Dagen Merrill directed Beneath, which he cowrote with Kevin Burke. Though working in a long formulaic tradition, they give us something fresh and original. Nothing is over-the-top here, a flaw with most contemporary horror movies that prefer CGI effects and gore to real horror. The setting is creepy but real. The characters are relatable, and it is easy to sympathize with Christy. I don’t know that there is anything remarkable with Zehetner’s performance. From the other shows I’ve seen her in, I believe she has a knack for playing conflicted women, women imbued with dark emotions and personal dilemmas, and she plays such a character in Beneath. That makes her the right casting choice.

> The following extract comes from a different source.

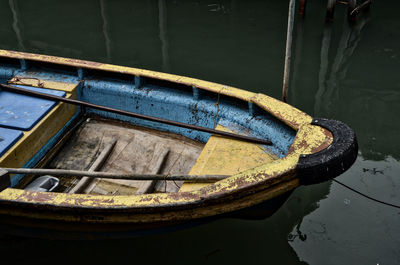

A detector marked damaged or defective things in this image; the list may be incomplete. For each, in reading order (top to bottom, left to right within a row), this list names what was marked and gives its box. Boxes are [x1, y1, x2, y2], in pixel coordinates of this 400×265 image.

chipped yellow paint [0, 79, 78, 169]
chipped yellow paint [0, 49, 334, 223]
chipped yellow paint [180, 125, 276, 191]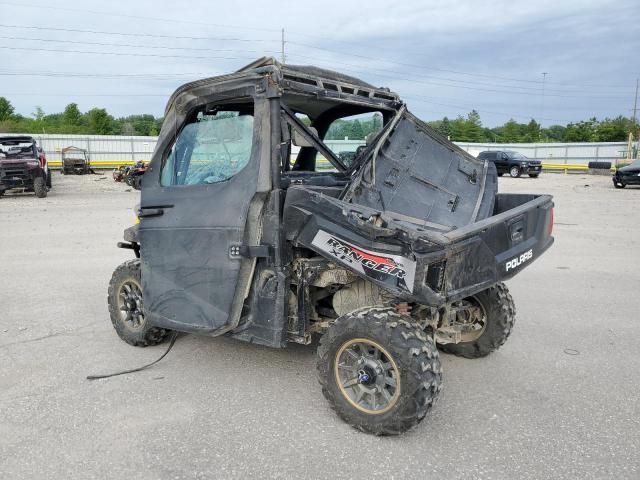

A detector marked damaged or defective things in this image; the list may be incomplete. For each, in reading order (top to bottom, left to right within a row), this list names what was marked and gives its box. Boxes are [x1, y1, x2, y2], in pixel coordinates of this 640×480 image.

The thing I like most about Beneath is that it builds tension and suspense with plot and character development rather than with special effects and jump scares. This feels like a throwback to the horror movies of my youth, to the horror movies that made me love the genre. I’m thinking about the Beli Lugosi’s Dracula movies or the 1963 The Haunting or almost any Vincent Price movie you can name. Beneath isn’t as atmospheric as these movies, but, intentionally or unintentionally, it pays homage to them. It is well worth seeing.
Verdict: Worth your time.
Note: There are two movies titled Beneath available on Netflix Instant Play. This review is about the one released in 2007.The other came out in 2014 and it is also a horror movie. Not a bad one. In fact, watching them back-to-back might be a good idea for fright night.